On the 25th, Staff returned to Buckner Bay and, on 1 September, sailed in company with six other mine-craft and four smaller vessels to conduct the initial sweep of the Kyūshū approaches. On the 9th, she departed Japan for Okinawa and reentered Buckner Bay on the 11th. Staff stood out again on 21 September and headed for Bungo Suido to conduct further sweeps in the Japanese home islands, this time in the waters between Kyūshū and Shikoku. She continued minesweeping operations through the fall and into winter.

== Post-World War II operations ==
In late December, she visited Shanghai; then headed for the United States. She stopped at Pearl Harbor early in February 1946 and reached San Pedro, Los Angeles, on the 14th. There, she reported to the 19th Fleet and began inactivation overhaul at Terminal Island, California.

== First Decommissioning ==
Staff was retained in commission, in reserve, until 15 January 1947, when she was decommissioned and berthed at San Diego.

== Reactivation ==
On 14 January 1952, Staff was recommissioned at San Diego, California and sailed – via Acapulco, Mexico, the Panama Canal, and Guantanamo Bay – to Charleston, South Carolina, and Norfolk, Virginia. She was assigned to Mine Squadron 6 and operated along the U.S. East Coast until 26 August when she sailed for Scotland. Staff visited Holyhead and the Firth of Forth in September and returned to Charleston, South Carolina, on 12 October. She resumed operations along the eastern seaboard during the winter of 1952 and 1953; then, on 21 April 1953, put to sea to join the U.S. 6th Fleet in the Mediterranean. Staff cruised with the U.S. 6th Fleet until October, visiting most of the major ports on the Mediterranean. She reentered Charleston on 26 October, and she was moored until the new year.
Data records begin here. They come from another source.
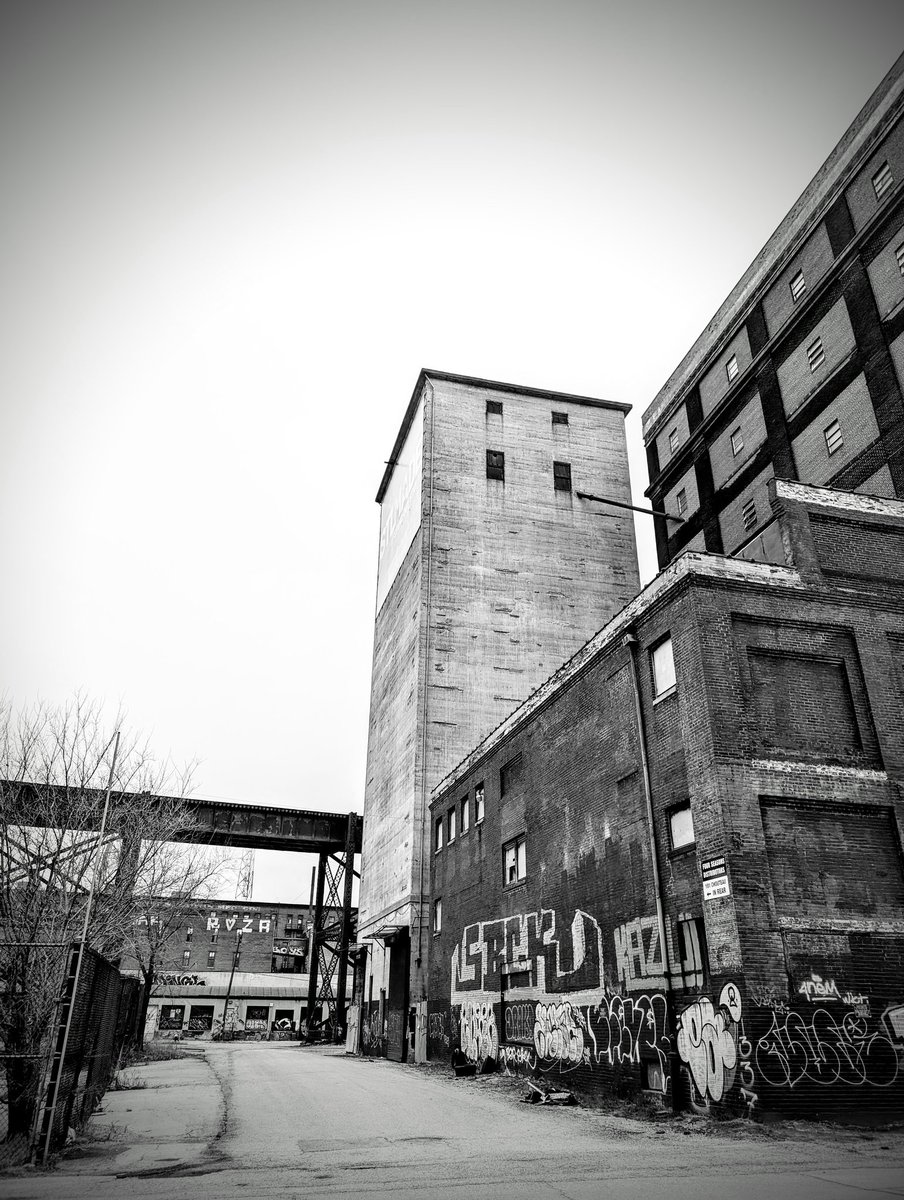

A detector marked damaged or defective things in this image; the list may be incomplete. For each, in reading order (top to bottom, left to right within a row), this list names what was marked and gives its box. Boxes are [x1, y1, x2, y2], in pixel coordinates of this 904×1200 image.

cracked concrete ground [1, 1040, 904, 1200]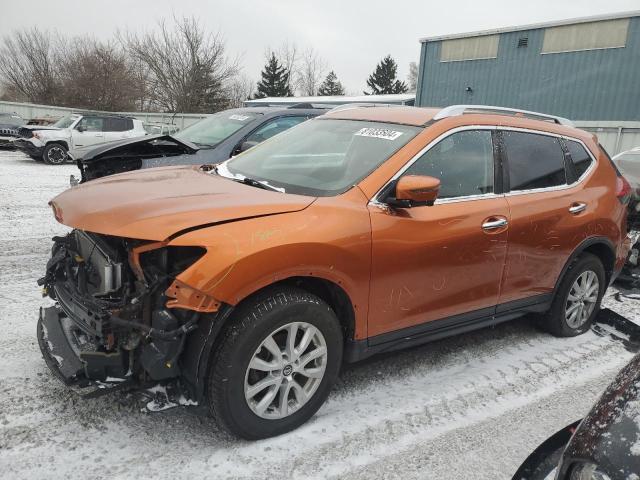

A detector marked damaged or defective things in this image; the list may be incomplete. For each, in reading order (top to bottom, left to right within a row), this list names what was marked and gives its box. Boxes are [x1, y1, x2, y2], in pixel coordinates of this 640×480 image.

crushed front end [37, 229, 210, 398]
crumpled hood [51, 165, 316, 240]
damaged orange suv [37, 105, 632, 438]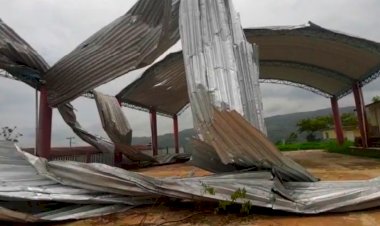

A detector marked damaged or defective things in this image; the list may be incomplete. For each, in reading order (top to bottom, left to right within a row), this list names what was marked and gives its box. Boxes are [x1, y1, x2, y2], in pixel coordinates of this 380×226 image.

crumpled metal panel [0, 19, 49, 88]
crumpled metal panel [44, 0, 181, 107]
crumpled metal panel [180, 0, 266, 132]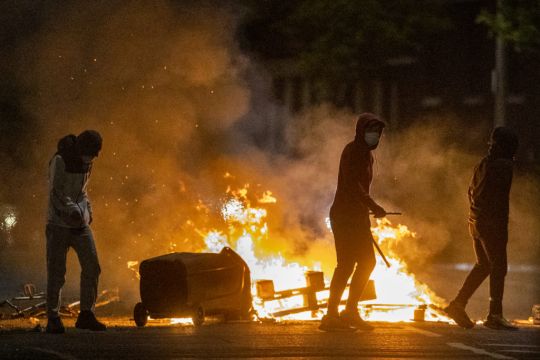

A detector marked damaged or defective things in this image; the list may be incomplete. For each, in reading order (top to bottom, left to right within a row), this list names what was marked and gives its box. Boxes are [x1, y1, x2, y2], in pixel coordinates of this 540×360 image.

burnt plastic container [135, 248, 253, 326]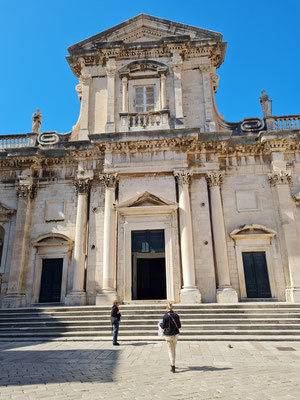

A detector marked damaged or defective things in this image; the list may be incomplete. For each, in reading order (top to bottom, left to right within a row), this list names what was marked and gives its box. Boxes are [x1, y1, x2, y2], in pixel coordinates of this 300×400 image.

broken pediment [68, 13, 223, 52]
broken pediment [116, 191, 178, 208]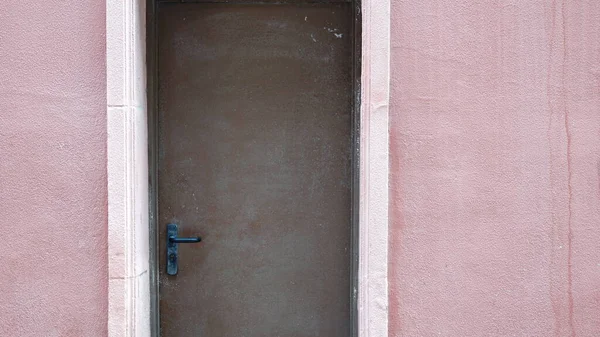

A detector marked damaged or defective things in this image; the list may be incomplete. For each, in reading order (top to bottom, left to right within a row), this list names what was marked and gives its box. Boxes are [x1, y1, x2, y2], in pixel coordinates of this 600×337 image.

rusty door surface [157, 1, 354, 334]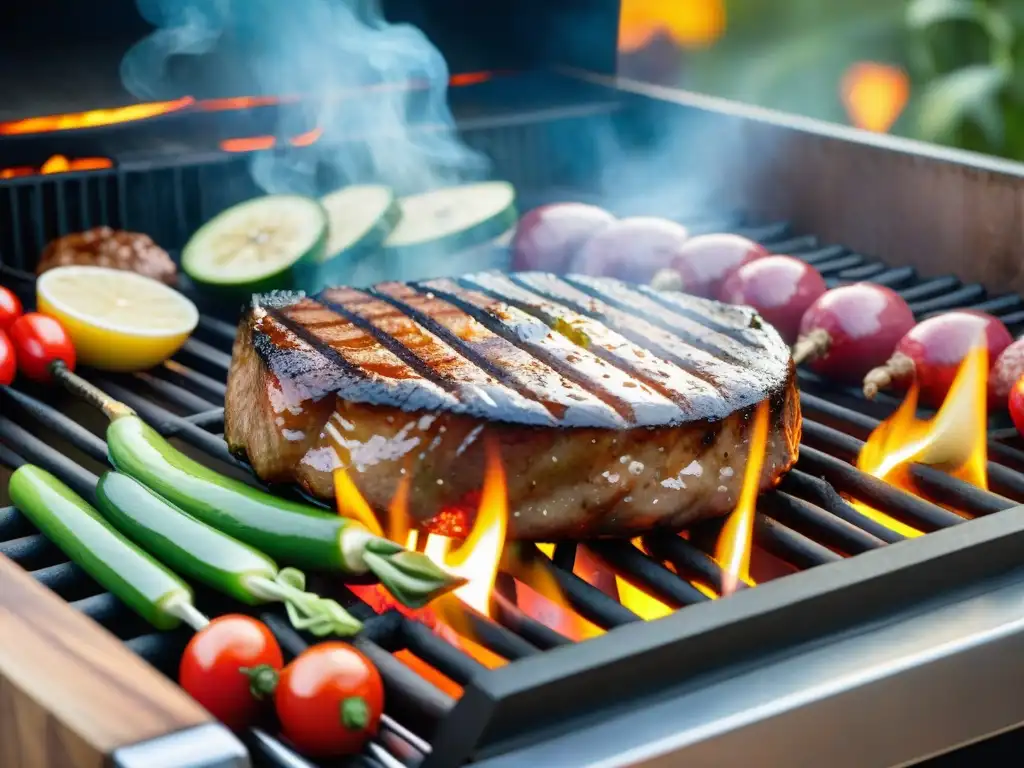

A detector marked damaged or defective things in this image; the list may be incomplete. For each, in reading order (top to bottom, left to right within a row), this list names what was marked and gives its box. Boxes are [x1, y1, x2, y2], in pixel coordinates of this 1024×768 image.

charred grate surface [6, 214, 1024, 765]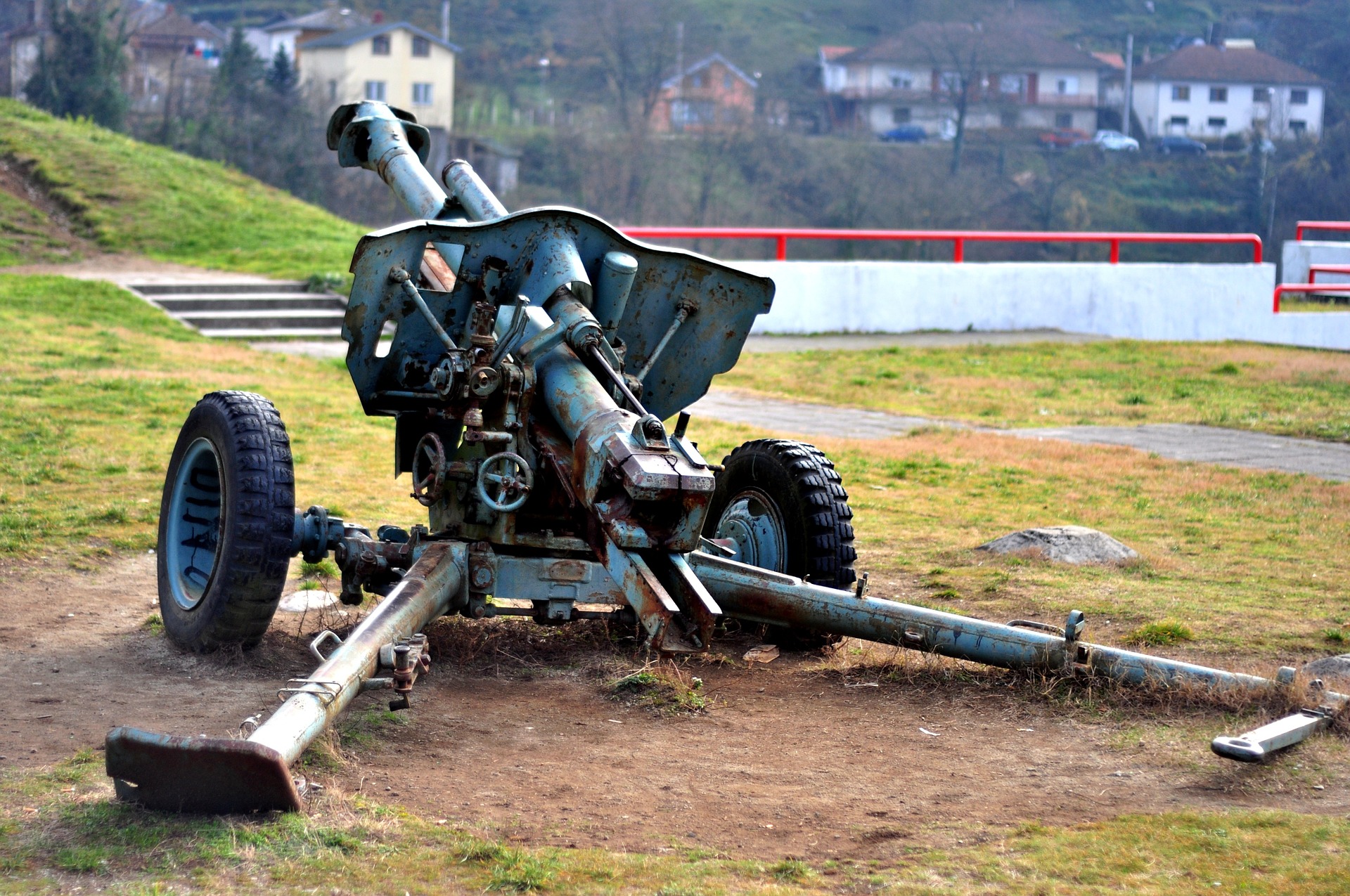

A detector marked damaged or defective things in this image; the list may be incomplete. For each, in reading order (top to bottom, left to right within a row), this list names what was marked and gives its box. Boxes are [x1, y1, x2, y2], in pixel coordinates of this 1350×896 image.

rusty metal surface [105, 728, 301, 810]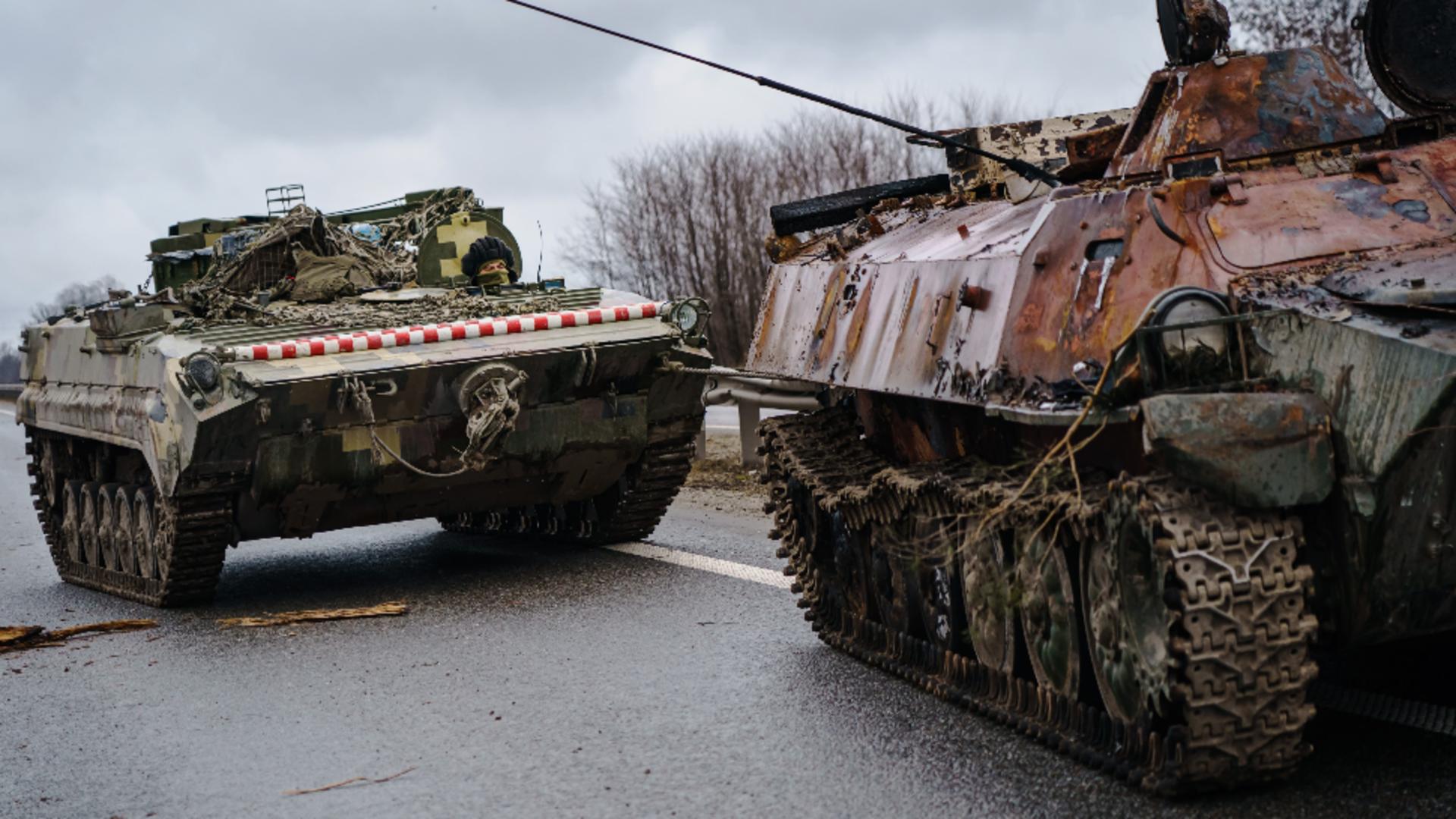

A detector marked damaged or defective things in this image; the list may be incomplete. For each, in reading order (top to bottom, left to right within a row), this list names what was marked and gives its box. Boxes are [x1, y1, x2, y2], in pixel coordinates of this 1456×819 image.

destroyed armored vehicle [17, 187, 710, 607]
destroyed armored vehicle [746, 0, 1456, 795]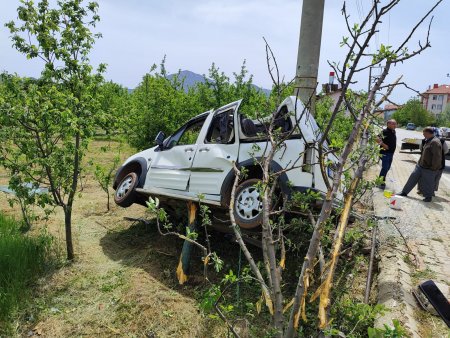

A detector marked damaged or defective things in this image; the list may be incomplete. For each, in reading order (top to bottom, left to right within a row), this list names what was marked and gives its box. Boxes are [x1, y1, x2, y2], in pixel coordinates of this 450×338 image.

crashed white van [114, 96, 336, 228]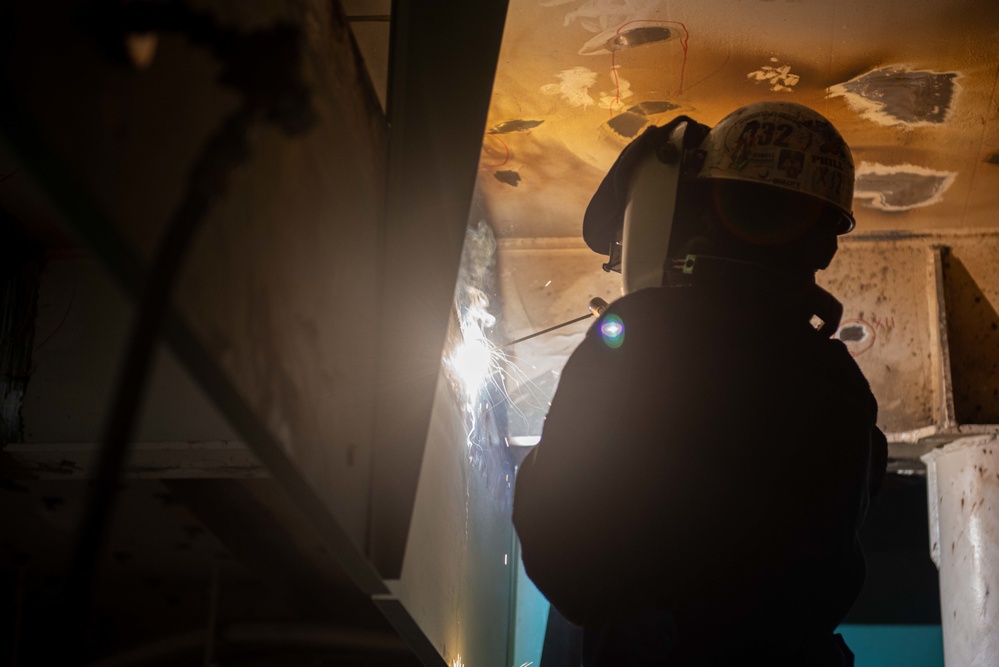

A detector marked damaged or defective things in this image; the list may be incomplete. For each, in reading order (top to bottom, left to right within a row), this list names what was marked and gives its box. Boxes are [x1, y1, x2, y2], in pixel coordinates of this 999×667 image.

peeling paint [544, 66, 596, 107]
peeling paint [748, 62, 800, 92]
peeling paint [828, 65, 960, 128]
peeling paint [494, 171, 524, 187]
peeling paint [856, 162, 956, 211]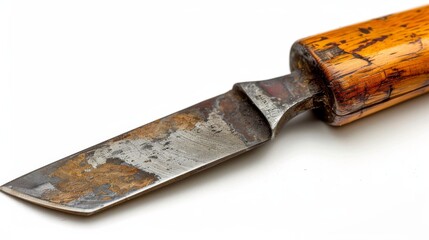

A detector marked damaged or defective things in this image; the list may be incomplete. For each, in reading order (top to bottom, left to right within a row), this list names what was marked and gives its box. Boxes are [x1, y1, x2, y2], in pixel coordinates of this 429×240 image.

orange rust patch [117, 112, 201, 141]
orange rust patch [41, 153, 157, 203]
rust stain on blade [41, 153, 158, 203]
On 4 January 1954, she embarked on a cruise to the Gulf of Mexico, the Caribbean Sea, and the British West Indies. She returned to Charleston on 2 April and operated from there until September. Staff rejoined the 6th Fleet in mid-September and cruised the "middle sea" until January 1955. The minesweeper returned to Charleston on 29 January.

== Decommissioning ==
On 7 February, she was redesignated MSF-114; and, on 28 March, she reported to the Atlantic Reserve Fleet for inactivation. She was placed out of commission, in reserve, at Green Cove Springs, Florida, on 15 August 1955. Her name was struck from the Navy List on 1 March 1967 and her hulk sold to Southern Scrap Metals Co. of New Orleans, Louisiana, on 17 November 1967.

== Awards ==
Staff was awarded six battle stars during World War II.